ENTRIES PROVIDED START
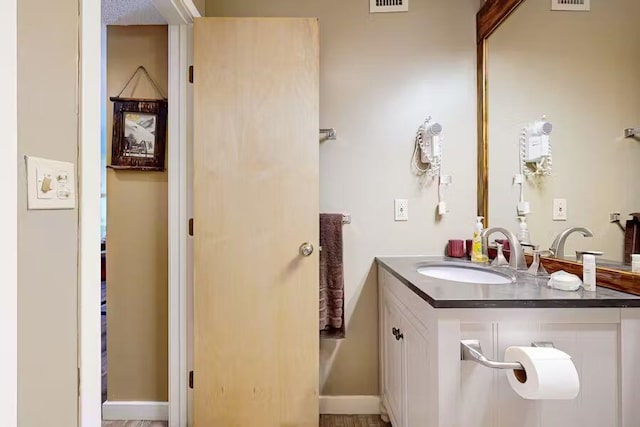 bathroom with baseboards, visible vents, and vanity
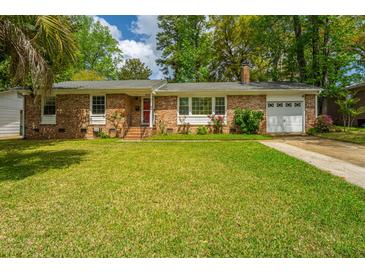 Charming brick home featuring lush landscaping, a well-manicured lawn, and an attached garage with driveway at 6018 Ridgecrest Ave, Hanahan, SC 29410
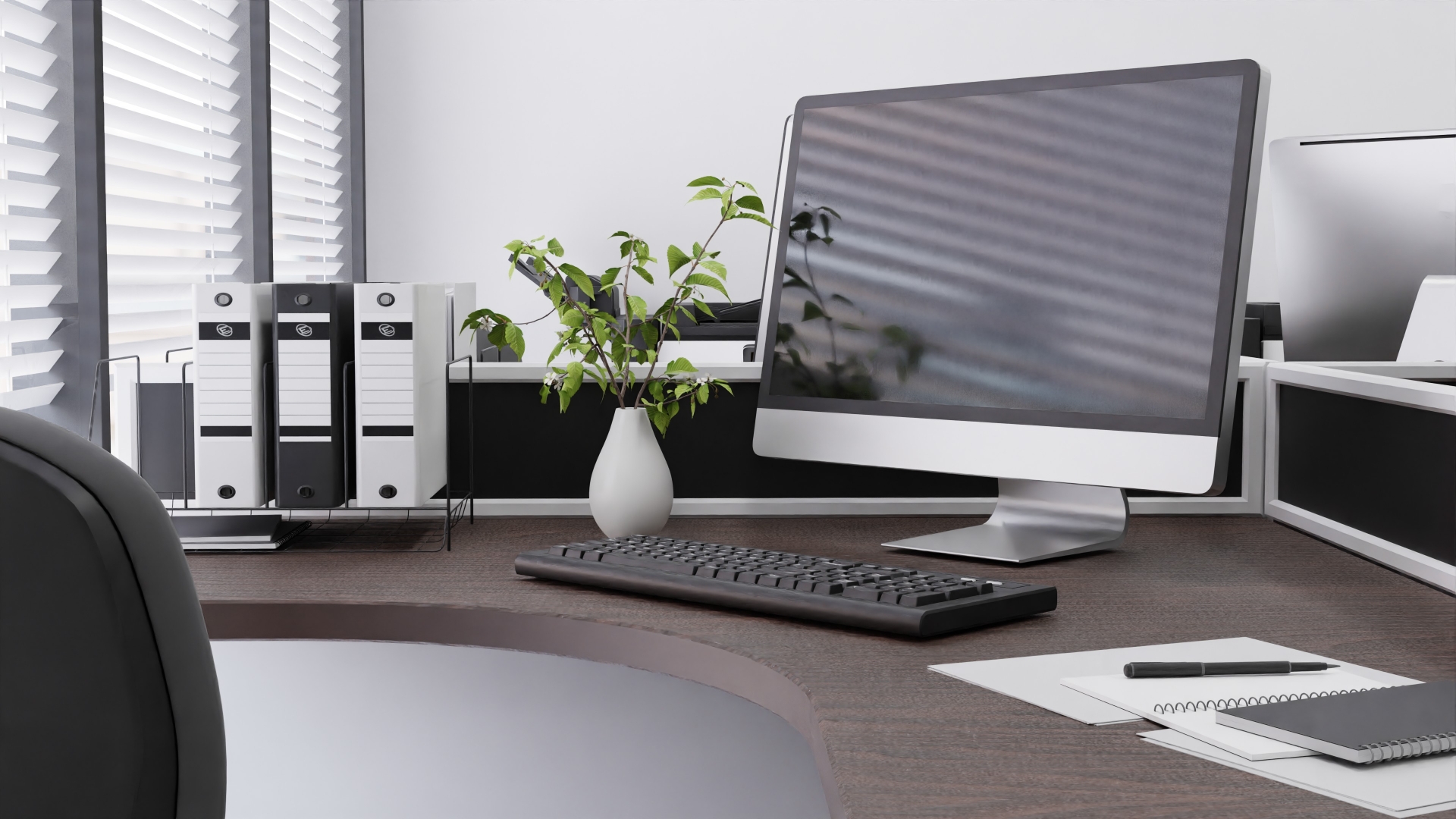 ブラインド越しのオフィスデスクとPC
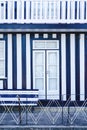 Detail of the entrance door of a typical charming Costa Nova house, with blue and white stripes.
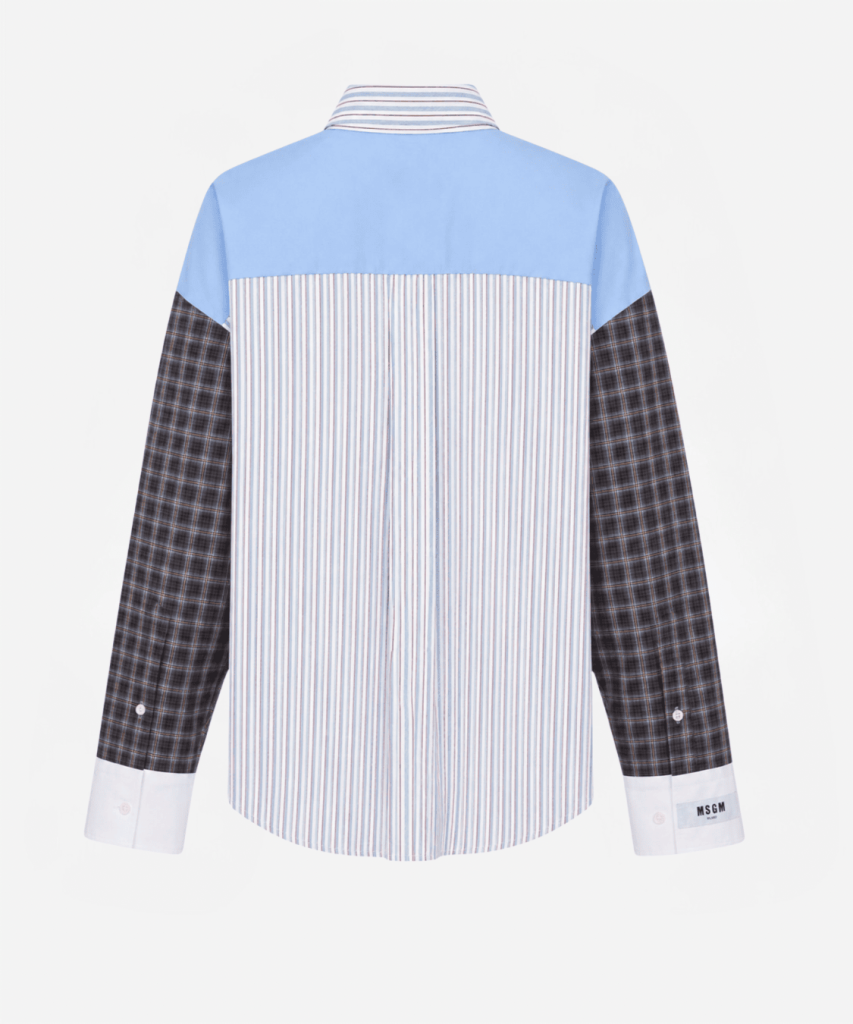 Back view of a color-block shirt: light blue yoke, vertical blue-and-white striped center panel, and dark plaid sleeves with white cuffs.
ENTRIES PROVIDED END
ENTRIES PROVIDED START
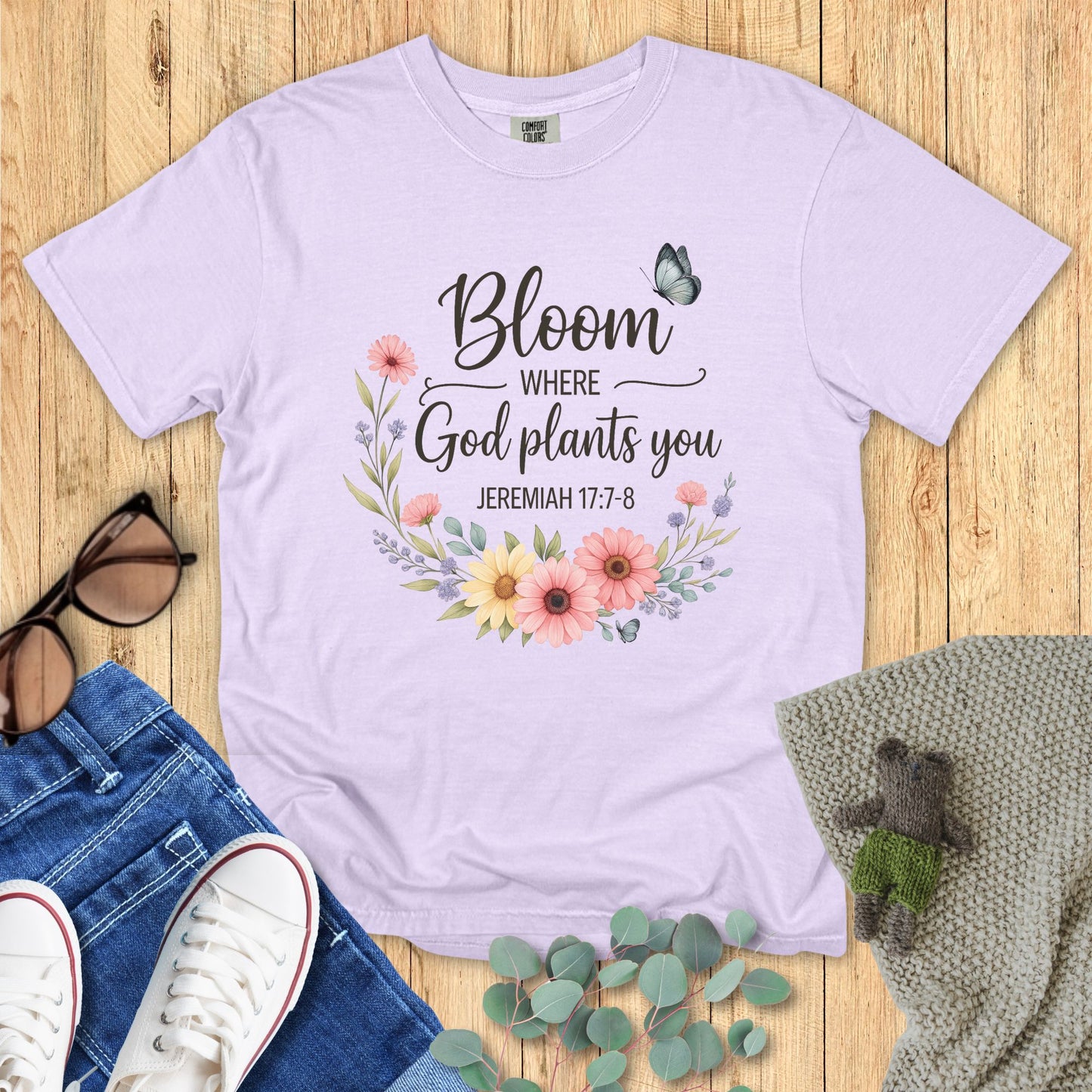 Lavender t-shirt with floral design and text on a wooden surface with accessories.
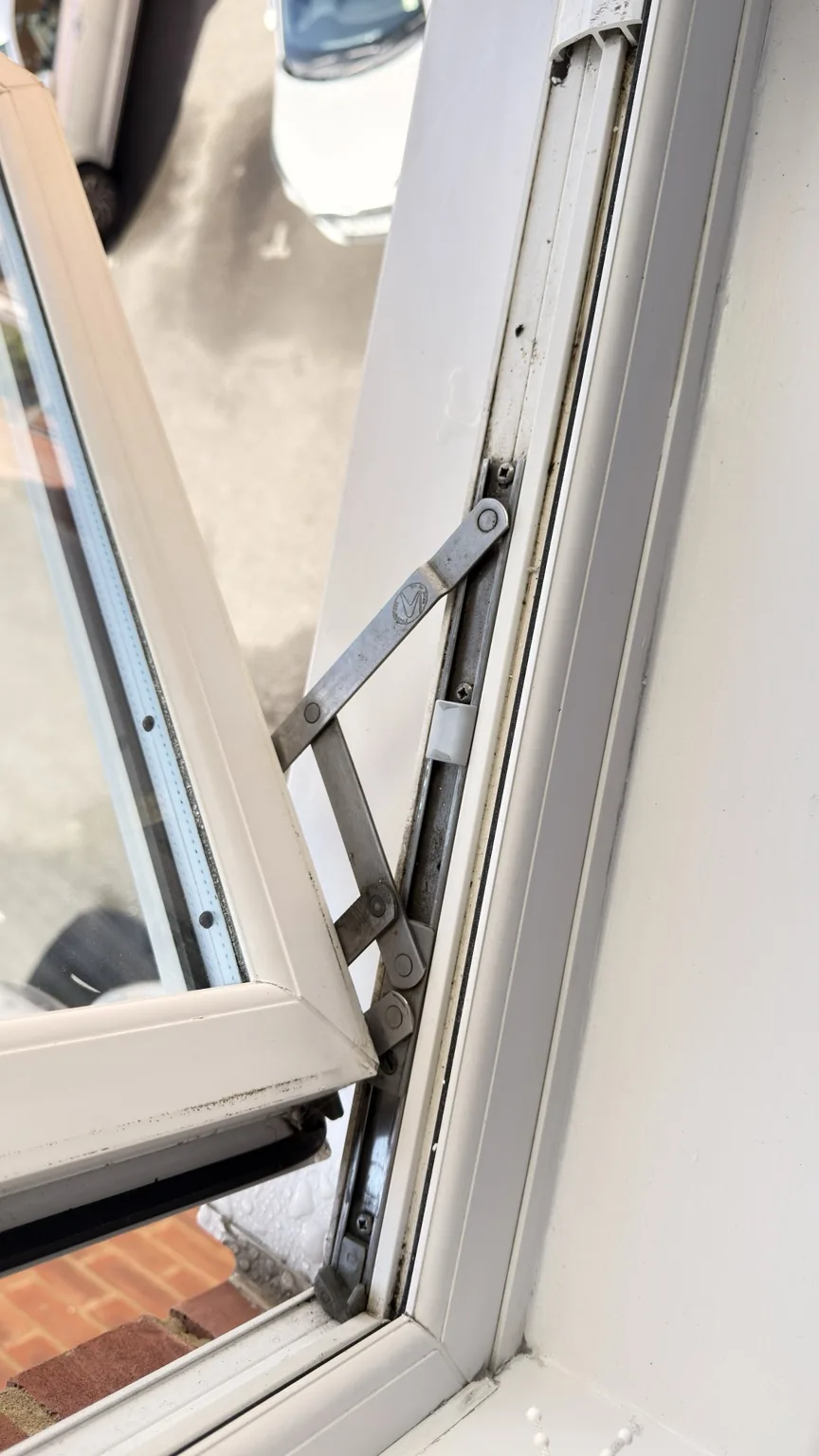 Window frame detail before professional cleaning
ENTRIES PROVIDED END
**ABOUT THIS TASK**
Above, find the line with "Lavender t-shirt with"; copy it and every line down to the line with "Window frame detail", exactly and both included, but no pictures.

**TASK OUTPUT**
 Lavender t-shirt with floral design and text on a wooden surface with accessories.
 Window frame detail before professional cleaning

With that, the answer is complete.